Summary of individual chapters: CHAPTER 1 : The above chapter discusses about the field of Automatic Speaker Recognition ( ASR ). It gives an introduction about speaker recognition. The advantages and applications of this unique method of authentication is explained in detail. A comparison of this automatic speaker recognition with other methods is highlighted to emphasize the uniqueness of the automatic speaker recognition system. A brief note on the the two main stages of automatic speaker recognition system namely the enrollment and testing stages are shown. Next, the classification of the automatic speaker recognition is shown to be of Automatic Speaker Identification ( ASI ) and Automatic Speaker Verification ( ASV ).
Later the concepts of Automatic Speaker Identification and Automatic Speaker Verification are dealt in detail. These two methods are compared to highlight the advantages of each. The commonly possible errors like False Acceptance and False Rejection are discussed and their dependency on the speech threshold is also highlighted. The relation between the Equal Error Rate ( ERR ) and the threshold are outlined to derive a system performance index which will be useful in the system implementation and testing stages.

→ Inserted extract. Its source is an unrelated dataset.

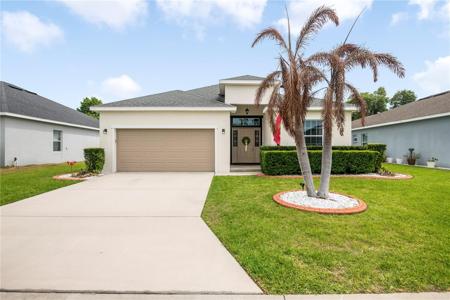 123 ELOISE OAKS DRIVE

Finally another classification of the Automatic Speaker Recognition is described to be Text Dependent and Text Independent classes. With this introduction we now start with the detailed discussion of Text Independent Speaker Identification System. CHAPTER 2 TEXT INDEPENDENT SPEAKER IDENTIFICATION SYSTEM: In this chapter the theory and methodology behind Text Independent Speaker Identification Systems were discussed. The chapter started with the discussion about human voice and speech production mechanism. The human vocal track modeled as the acoustical tube, enhances the correlation between the physical nature of the vocal track, with the resonant properties of the acoustical tube.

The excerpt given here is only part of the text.